-- Task item --
Could you retype the whole listing word for word and drop the images?

-- Data block --

▼

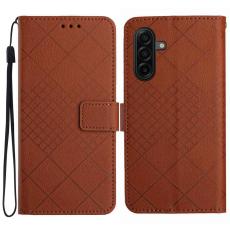  Samsung Galaxy A57 5G Fodral L&auml;der Rhombus Brun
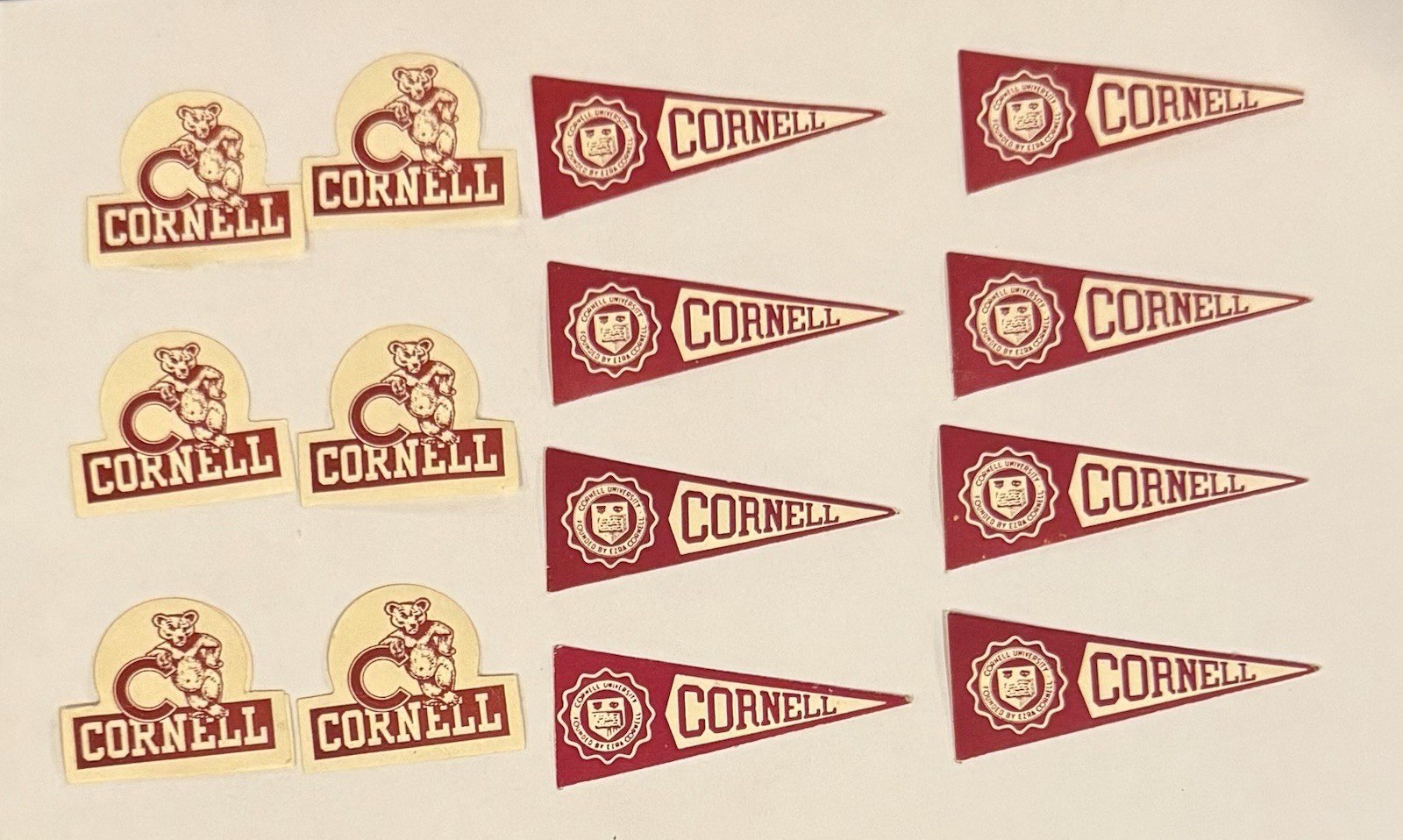Vintage Cornell University Stamp Stickers 1-1.75” Lot of 14 1960s Ithaca NY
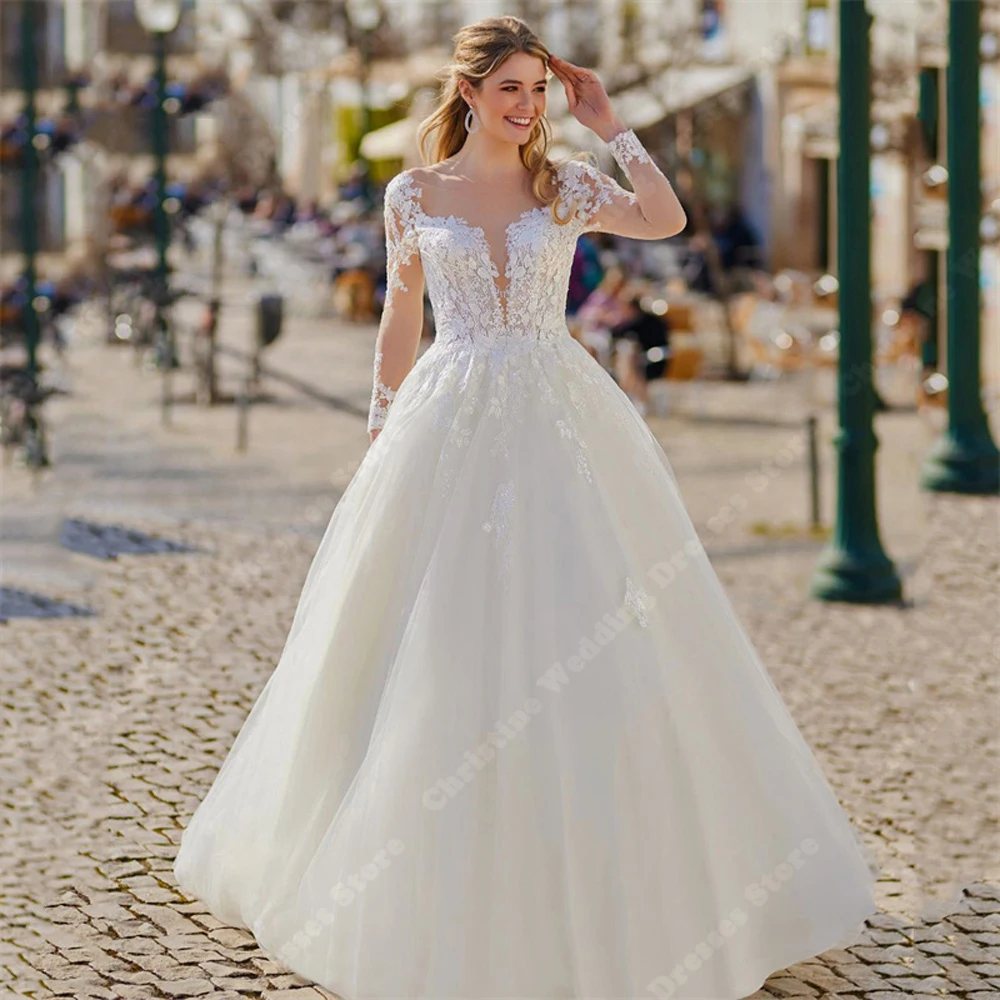 Vestidos De Novia elegantes para mujer, Vestidos De Novia con apliques De encaje, manga larga, línea A, cuello De corazón Formal, fiesta, nuevo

▲

-- Task answer --
  Samsung Galaxy A57 5G Fodral L&auml;der Rhombus Brun
Vintage Cornell University Stamp Stickers 1-1.75” Lot of 14 1960s Ithaca NY
 Vestidos De Novia elegantes para mujer, Vestidos De Novia con apliques De encaje, manga larga, línea A, cuello De corazón Formal, fiesta, nuevo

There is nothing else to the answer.